You can use urlparse as suggested by others, or you could also use urlsplit. However, both will not handle www.cemexusa.com. So if you do not need the scheme in your key, you could use something like this:
def to_key(url):
if "://" not in url: # or: not re.match("(?:http|ftp|https)://"", url)
url = f"https://{url}"
return urlsplit(url).hostname
df1["Key"] = df1["URL"].apply(to_key)
Here is a full working example:
import pandas as pd
import io
from urllib.parse import urlsplit
df1_data = io.StringIO("""
URL,Description
https://www.mcdonalds.com/us/en-us.html,Junk Food
https://www.cemexusa.com/find-your-location,Cemex
""")
df2_data = io.StringIO("""
URL,Last Update
https://www.mcdonalds.com,2021
www.cemexusa.com,2020
""")
df1 = pd.read_csv(df1_data)
df2 = pd.read_csv(df2_data)
def to_key(url):
if "://" not in url: # or: not re.match("(?:http|ftp|https)://"", url)
url = f"https://{url}"
return urlsplit(url).hostname
df1["Key"] = df1["URL"].apply(to_key)
df2["Key"] = df2["URL"].apply(to_key)
joined = df1.merge(df2, on="Key", suffixes=("_df1", "_df2"))

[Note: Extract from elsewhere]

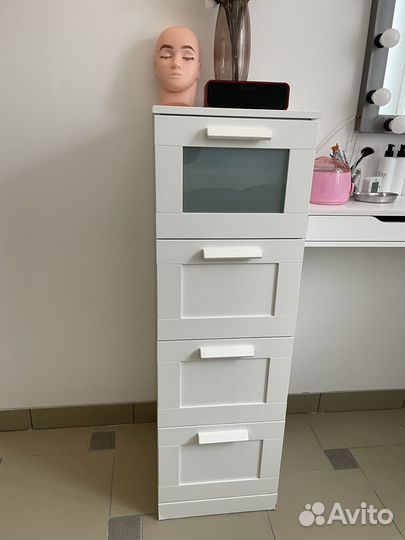 Комод IKEA белый бу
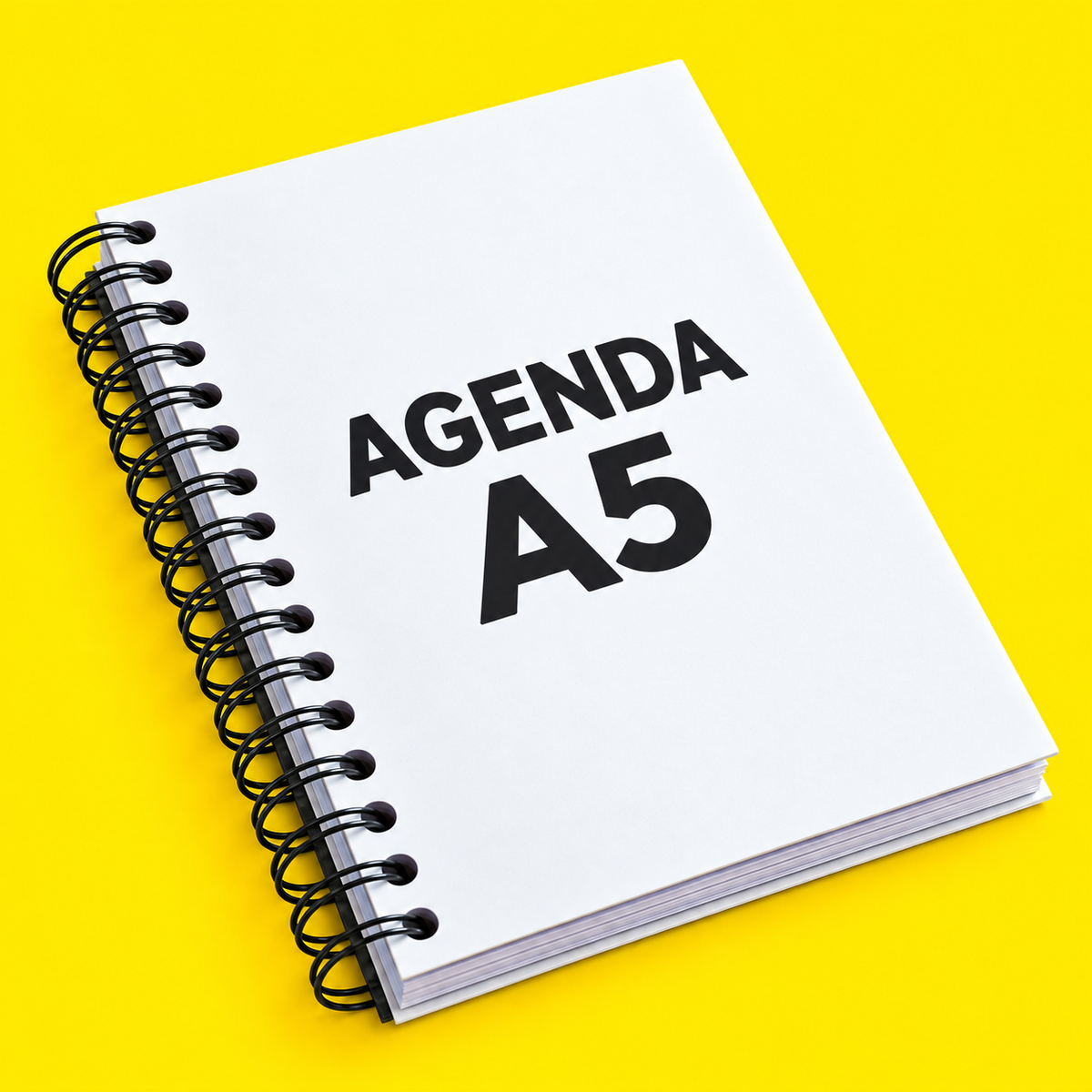 Argenda 2027 A5 Personalizado – Elegí tu diseño y tipo de hojas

# and if you want to get rid of the original urls
joined = joined.drop(["URL_df1", "URL_df2"], axis=1)
The output of print(joined) would be:
Description Key Last Update
0 Junk Food www.mcdonalds.com 2021
1 Cemex www.cemexusa.com 2020
There may be other special cases not handled in this answer. Depending on your data, you may also need to handle an omitted www:
urlsplit("https://realpython.com/pandas-merge-join-and-concat").hostname
# realpython.com
urlsplit("https://www.realpython.com").hostname # also a valid URL
# www.realpython.com
What is the difference between urlparse and urlsplit?
It depends on your use case and what information you would like to extract. Since you do not need the URL's params, I would suggest using urlsplit.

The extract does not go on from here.